Textcorpus und Worterbuch: Aspekte zur agyptischen Lexikographie.

AuthorDepuydt, Leo
PositionReview

Textcorpus und Worterbuch: Aspekte zur agyptischen Lexikographie. Edited by STEFAN GRUNERT and INOELORE HAFEMANN. Probleme der Agyptologie, vol. 14. Leiden: E. J. BRILL, 1999. Pp. xlv + 406. HR 165, $97.50.

These are the twenty-seven papers presented at a conference held in September 1997 in Berlin on the occasion of the new beginning (from 1994 onward) of organized team-work on Old, Middle, and Late Egyptian vocabulary at the Berlin-Brandenburg Academy. A committee appointed by the Academy supervises the project. Several reports on similar efforts taking place elsewhere are also included. There was reason for celebration in 1997. In 1897, work began at Berlin on the Egyptian Dictionary, known to Egyptologists simply and affectionately as the Worterbuch. The dictionary took decades to complete, under the editorship of the eminent Berlin Egyptologists A. Erman and H. Grapow, helped by dozens of scholars from many countries. Some of the papers here are reminiscences on the lexicographical work done in Berlin during the second half of the last century. W. Westendorf describes the situtation from the end of World War II to the completion of the Worterbuch in 1953. W. F Reineke chronicles subsequent efforts in East Berlin, aiming at a second edition of the dictionary. It is good to have these accounts from key Witnesses.
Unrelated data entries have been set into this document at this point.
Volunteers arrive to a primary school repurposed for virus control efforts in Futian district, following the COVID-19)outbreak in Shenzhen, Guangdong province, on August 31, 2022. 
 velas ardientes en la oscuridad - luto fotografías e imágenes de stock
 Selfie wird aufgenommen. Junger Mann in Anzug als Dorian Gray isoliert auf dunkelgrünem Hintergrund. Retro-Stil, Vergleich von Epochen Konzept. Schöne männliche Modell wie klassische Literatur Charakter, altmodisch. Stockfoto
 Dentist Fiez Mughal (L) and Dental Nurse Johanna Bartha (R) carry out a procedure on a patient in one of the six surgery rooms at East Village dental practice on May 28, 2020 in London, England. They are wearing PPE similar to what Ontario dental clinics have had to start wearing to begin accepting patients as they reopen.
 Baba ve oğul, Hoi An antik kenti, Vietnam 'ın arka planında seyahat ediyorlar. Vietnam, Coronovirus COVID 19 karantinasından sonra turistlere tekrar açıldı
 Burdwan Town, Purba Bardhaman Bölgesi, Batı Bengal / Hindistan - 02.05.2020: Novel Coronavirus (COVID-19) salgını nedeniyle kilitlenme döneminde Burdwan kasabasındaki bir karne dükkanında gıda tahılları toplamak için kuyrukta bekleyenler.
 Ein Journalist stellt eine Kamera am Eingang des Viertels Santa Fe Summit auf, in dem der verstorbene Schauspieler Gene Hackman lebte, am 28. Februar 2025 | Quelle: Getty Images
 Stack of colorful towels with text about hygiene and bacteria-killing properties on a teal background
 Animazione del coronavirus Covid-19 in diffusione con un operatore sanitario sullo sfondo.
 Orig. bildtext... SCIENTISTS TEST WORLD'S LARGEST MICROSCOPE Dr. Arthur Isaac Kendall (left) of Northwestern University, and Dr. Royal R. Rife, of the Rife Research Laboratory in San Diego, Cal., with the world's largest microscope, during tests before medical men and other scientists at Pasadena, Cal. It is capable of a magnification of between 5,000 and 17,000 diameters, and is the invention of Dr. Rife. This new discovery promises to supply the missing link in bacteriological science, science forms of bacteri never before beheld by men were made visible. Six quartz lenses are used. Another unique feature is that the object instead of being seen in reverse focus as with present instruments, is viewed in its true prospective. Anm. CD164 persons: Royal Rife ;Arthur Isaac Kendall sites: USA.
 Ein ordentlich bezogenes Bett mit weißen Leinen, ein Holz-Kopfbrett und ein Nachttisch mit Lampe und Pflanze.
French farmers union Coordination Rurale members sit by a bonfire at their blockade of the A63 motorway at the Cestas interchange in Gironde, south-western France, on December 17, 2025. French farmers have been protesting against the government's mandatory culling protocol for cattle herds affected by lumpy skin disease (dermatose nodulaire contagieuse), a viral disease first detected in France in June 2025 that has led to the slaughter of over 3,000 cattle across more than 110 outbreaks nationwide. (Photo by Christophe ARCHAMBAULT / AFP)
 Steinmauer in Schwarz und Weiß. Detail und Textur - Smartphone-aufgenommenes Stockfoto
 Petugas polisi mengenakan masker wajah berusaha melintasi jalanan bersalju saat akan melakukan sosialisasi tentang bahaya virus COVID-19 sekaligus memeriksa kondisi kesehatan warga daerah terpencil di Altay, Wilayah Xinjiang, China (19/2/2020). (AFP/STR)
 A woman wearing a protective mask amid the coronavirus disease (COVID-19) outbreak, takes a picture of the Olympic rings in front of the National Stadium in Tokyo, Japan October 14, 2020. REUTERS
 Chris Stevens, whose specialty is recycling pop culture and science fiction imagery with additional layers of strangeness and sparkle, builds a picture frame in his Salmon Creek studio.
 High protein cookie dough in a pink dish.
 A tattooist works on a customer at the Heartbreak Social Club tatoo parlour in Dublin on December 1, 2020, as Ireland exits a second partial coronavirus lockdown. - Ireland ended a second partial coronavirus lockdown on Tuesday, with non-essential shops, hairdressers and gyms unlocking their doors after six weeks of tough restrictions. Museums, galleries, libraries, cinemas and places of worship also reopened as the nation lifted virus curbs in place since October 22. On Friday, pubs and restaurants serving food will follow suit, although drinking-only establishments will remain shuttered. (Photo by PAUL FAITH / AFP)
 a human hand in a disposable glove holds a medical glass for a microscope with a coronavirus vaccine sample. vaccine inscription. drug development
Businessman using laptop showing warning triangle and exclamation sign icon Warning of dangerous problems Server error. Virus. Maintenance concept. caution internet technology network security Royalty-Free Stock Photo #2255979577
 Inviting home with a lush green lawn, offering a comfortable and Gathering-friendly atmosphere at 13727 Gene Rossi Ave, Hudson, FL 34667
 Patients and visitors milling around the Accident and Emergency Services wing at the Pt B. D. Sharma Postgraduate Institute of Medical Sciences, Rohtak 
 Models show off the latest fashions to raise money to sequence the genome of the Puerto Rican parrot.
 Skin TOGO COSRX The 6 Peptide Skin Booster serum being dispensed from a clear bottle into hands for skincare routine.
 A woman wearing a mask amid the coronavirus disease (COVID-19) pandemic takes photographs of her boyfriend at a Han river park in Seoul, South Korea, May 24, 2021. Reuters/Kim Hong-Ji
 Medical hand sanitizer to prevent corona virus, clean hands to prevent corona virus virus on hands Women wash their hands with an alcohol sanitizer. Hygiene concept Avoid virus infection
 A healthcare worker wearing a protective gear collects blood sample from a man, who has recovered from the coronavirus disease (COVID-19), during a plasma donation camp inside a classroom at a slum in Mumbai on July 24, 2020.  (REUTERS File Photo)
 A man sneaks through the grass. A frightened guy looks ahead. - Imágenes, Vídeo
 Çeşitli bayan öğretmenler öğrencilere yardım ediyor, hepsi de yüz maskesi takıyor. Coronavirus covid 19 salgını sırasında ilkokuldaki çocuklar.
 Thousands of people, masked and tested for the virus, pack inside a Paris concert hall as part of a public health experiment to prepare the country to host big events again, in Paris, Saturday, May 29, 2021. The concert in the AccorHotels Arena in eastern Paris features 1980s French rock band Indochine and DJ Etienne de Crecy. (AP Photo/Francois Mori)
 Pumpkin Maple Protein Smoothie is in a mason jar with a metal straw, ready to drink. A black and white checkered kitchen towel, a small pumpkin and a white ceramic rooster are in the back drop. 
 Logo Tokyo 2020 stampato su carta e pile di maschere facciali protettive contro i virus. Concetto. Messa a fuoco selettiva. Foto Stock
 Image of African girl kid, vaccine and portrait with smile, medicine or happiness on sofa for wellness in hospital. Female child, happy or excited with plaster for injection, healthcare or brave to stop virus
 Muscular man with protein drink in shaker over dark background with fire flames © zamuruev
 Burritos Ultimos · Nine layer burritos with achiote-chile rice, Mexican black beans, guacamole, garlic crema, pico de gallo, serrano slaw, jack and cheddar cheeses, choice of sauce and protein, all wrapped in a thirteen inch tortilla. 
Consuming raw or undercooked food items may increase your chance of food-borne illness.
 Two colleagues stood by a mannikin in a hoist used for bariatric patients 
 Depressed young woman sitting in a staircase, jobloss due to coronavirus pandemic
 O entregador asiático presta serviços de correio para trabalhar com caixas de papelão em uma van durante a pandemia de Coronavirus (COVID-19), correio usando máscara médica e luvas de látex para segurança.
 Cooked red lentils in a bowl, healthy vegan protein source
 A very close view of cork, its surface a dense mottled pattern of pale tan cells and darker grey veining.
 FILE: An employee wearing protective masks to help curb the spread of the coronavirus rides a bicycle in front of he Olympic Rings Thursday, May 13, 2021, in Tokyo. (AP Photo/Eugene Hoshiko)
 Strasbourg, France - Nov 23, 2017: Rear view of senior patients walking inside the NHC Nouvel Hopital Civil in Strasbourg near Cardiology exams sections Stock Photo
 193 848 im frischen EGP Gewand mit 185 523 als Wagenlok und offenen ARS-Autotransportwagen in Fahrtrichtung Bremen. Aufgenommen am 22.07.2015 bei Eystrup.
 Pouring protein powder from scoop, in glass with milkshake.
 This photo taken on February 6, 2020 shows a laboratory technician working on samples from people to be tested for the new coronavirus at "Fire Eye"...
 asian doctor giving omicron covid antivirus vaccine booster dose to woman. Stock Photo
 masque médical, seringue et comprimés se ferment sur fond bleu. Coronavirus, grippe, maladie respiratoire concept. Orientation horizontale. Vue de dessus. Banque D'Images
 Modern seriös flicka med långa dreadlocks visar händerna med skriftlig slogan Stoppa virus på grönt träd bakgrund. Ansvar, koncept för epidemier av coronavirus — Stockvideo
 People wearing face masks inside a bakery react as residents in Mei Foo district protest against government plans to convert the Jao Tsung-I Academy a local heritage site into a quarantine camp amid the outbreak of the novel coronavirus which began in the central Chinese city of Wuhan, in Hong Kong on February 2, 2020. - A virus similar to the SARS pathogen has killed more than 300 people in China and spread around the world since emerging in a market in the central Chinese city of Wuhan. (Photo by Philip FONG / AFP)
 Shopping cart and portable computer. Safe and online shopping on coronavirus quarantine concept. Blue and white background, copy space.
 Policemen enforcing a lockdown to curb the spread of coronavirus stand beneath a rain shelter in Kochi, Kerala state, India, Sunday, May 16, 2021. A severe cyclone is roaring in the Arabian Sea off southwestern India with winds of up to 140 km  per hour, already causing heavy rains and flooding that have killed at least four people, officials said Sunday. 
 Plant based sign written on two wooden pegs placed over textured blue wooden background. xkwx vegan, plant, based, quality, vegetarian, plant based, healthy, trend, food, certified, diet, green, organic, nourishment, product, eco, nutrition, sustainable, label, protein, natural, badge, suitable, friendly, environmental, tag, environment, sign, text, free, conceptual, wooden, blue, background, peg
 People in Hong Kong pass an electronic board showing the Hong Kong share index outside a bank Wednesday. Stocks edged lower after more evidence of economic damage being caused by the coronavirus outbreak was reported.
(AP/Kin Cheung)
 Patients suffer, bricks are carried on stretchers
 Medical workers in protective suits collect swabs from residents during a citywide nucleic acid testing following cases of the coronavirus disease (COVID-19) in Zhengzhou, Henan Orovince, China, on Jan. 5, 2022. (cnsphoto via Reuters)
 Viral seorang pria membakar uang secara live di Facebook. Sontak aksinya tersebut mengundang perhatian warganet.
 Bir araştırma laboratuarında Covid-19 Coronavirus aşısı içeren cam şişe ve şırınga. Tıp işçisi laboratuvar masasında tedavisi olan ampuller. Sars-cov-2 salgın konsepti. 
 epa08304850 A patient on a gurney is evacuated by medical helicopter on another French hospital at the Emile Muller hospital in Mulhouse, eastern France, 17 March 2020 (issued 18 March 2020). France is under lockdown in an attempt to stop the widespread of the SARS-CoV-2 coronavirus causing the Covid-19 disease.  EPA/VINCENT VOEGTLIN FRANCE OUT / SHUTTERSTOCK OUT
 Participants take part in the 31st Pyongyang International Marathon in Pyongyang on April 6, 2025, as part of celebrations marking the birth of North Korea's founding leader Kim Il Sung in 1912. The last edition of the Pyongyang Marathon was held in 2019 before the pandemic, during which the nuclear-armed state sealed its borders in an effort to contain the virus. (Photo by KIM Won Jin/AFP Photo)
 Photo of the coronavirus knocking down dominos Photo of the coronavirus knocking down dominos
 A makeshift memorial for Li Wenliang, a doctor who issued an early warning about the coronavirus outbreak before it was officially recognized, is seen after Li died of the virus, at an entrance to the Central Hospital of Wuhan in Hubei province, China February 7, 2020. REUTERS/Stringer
The reunification of Germany infused new life into the dictionary project. A founding conference was held in Berlin in September 1992. Even if the aforementioned committee ostensibly serves the purpose of "re-editing" the Worterbuch, and even if much disagreement exists among those involved on just about every aspect of the project, all agree that producing a new Egyptian dictionary is not feasible within the next few decades. There is even a sense that producing a new dictionary does not need to be the aim of the Berlin project. The Internet may have changed forever the nature of large-scale lexicographical efforts--in ways that often defy prognosis. At the heart of a traditional Egyptian dictionary lie myriads of tiny discrete judgments about countless passages of Egyptian literature by philologically discerning minds. Students of Egyptian know how much time can go into discussing a single word in a single passage. The fact that hieroglyphic writing only imperfectly represents the Egyptian language account s for much of the difficulty. But the emphasis of the present dictionary project is not, in the first place, on...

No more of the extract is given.